Source: The dominance behavioral system and manic temperament: Motivation for dominance, self-perceptions of power, and socially dominant behaviors (Sheri L. Johnson, Charles S. Carver,2012)
Abstract
The dominance behavioral system has been conceptualized as a biologically based system comprising motivation to achieve social power and self-perceptions of power. Biological, behavioral, and social correlates of dominance motivation and self-perceived power have been related to a range of psychopathological tendencies. Preliminary evidence suggests that mania and risk for mania (manic temperament) relate to the dominance system.
Method
Four studies examine whether manic temperament, measured with the Hypomanic Personality Scale (HPS), is related to elevations in dominance motivation, self-perceptions of power, and engagement in socially dominant behavior across multiple measures. In Study 1, the HPS correlated with measures of dominance motivation and the pursuit of extrinsically-oriented ambitions for fame and wealth among 454 undergraduates. In Study 2, the HPS correlated with perceptions of power and extrinsically-oriented lifetime ambitions among 780 undergraduates. In Study 3, the HPS was related to trait-like tendencies to experience hubristic (dominance-related) pride, as well as dominance motivation and pursuit of extrinsically-oriented ambitions. In Study 4, we developed the Socially Dominant Behavior Scale to capture behaviors reflecting high power.
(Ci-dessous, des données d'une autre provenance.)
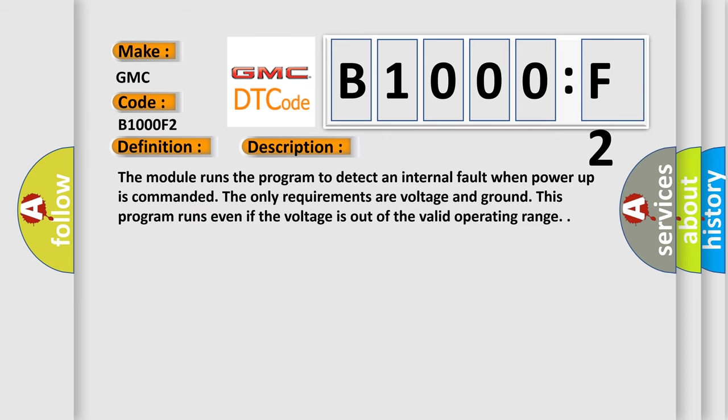The module runs the program to detect an internal fault when power up is commanded. The only requirements are voltage and ground. This program runs even if the voltage is out of the valid operating range.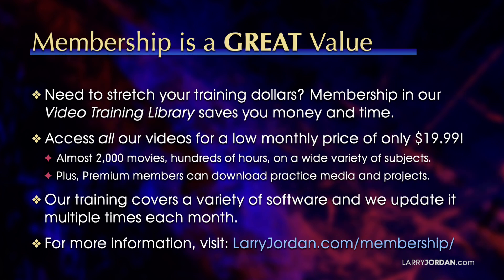By the way, when you need to stretch your training dollars, membership in our video training library saves you money and time. You can access all our videos for a low monthly price of only $19.99. That's almost 2,000 movies, hundreds of hours on a wide variety of subjects. Plus, premium members can download practice media and projects. Our training covers Apple and Adobe software. We update it multiple times each month. And for more information, visit larryjordan.com slash membership. And thanks.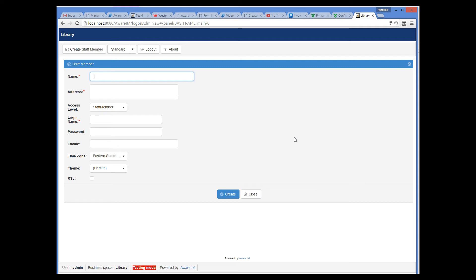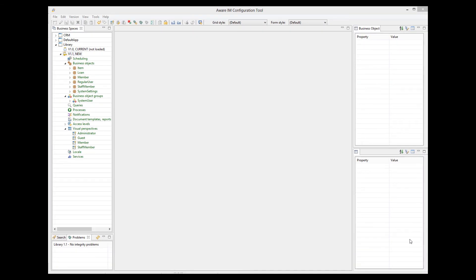When we log in, we can invoke the create staff member operation from the menu, and the system displays the default form of the object. The form looks very untidy and displays unnecessary fields. We do not want to display an access level, because it is always the staff member. We also do not want to display time zone, theme, locale, or RTL, as we will use the default values for them. As recommended in the methodology, it is not normally necessary to worry about the user interface being polished and perfect, but I will adjust the forms as we go to make it at least look tidy.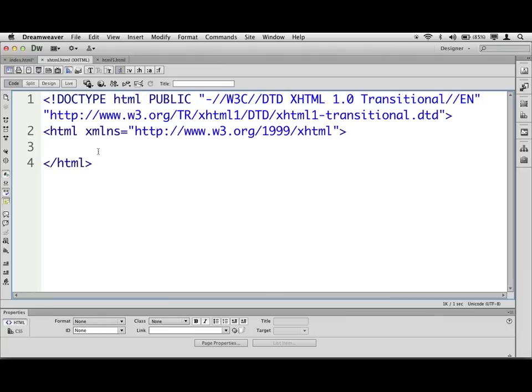You've got HTML4, XHTML1, you've got HTML5, we've got HTML321, that kind of thing. But most people are going to use either XHTML or HTML5.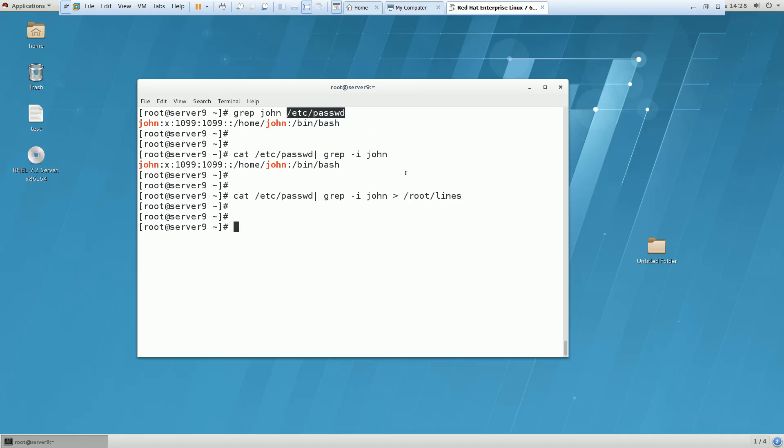If this file would be there, this entry will go there. If the file will not be there, it will create a file named as lines.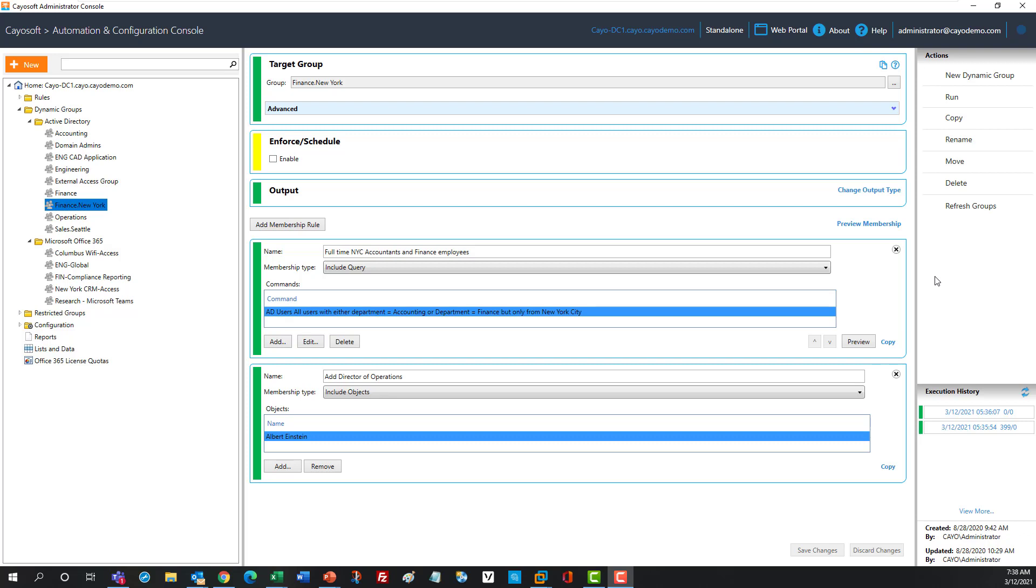Chaosoft has the perfect answer with Chaosoft Dynamic Groups. In one place, you can manage a set of rules for both on-premise and cloud-based groups to keep them both accurate and up-to-date without a lot of work.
The scale correlated highly with the HPS among 514 undergraduates.
Limitations
The studies rely on self-ratings of manic temperament and dominance constructs, and findings have not yet been generalized to a clinical sample.
Conclusions
Taken together, results support the hypothesis that manic temperament is related to a focus on achieving social dominance, ambitions related to achieving social recognition, perceptions of having achieved power, tendencies to experience dominance-related pride, and engagement in social behaviors consistent with this elevated sense of power.

Résumé
Le système de dominance comportemental a été conceptualisé comme un système biologique basé notamment sur la motivation pour atteindre le pouvoir social ainsi que sa perception en tant que telle par le sujet. Les corollaires biologiques, comportementaux et sociaux de la motivation pour la dominance et de la représentation du pouvoir par le sujet ont été reliés à une gamme de tendances psychopathologiques. Les résultats préliminaires suggèrent que manie et risque de manie sont liés au système de dominance.
Méthode
Quatre études examinent si le tempérament maniaque, mesuré avec l’échelle HPS (Hypomanic Personality Scale ou échelle de personnalité hypomaniaque), est relié à l’élévation de la motivation pour la dominance, les auto-perceptions de pouvoir et l’engagement dans des comportements socialement dominant à travers des mesures multiples. Dans l’étude 1, le HPS est corrélé, dans une population de 454 étudiants, avec les mesures de motivation pour la dominance et la poursuite d’ambitions extrinsèque axées vers la renommée et la richesse. Dans l’étude 2, le HPS est corrélé, dans une population de 780 étudiants, avec les perceptions de pouvoir et les ambitions extrinsèques projetés sur toute la vie. Dans l’étude 3, le HPS a été reliés à des tendances à l’arrogance (fierté non basée sur des critères objectifs perçus par les autres), à la motivation pour la dominance et la poursuite d’ambitions extrinsèques. Dans l’Étude 4, nous avons développé l’Échelle de Comportement Socialement Dominant pour capturer des comportements reflétant un haut degré de pouvoir. L’échelle développée et le HPS sont corrélés dans une population de 514 étudiants.
Limitations
Les études se basent sur des questionnaires conduisant à une à évaluation subjective du tempérament maniaque et sur des constructions, des modèles de dominance. Les résultats n’ont pas encore été généralisés cliniquement.
Conclusions
Pris ensemble, les résultats viennent supporter l’idée que le tempérament maniaque est lié à une volonté d’atteindre la dominance sociale et de poursuivre des ambitions liées à la reconnaissance sociale. Le tempérament maniaque est également lié à un sentiment d’avoir atteint le pouvoir et une fierté basée sur la dominance. Enfin, il se reconnait à l’engagement du sujet dans des comportements sociaux basé sur la perception d’un haut degré de pouvoir.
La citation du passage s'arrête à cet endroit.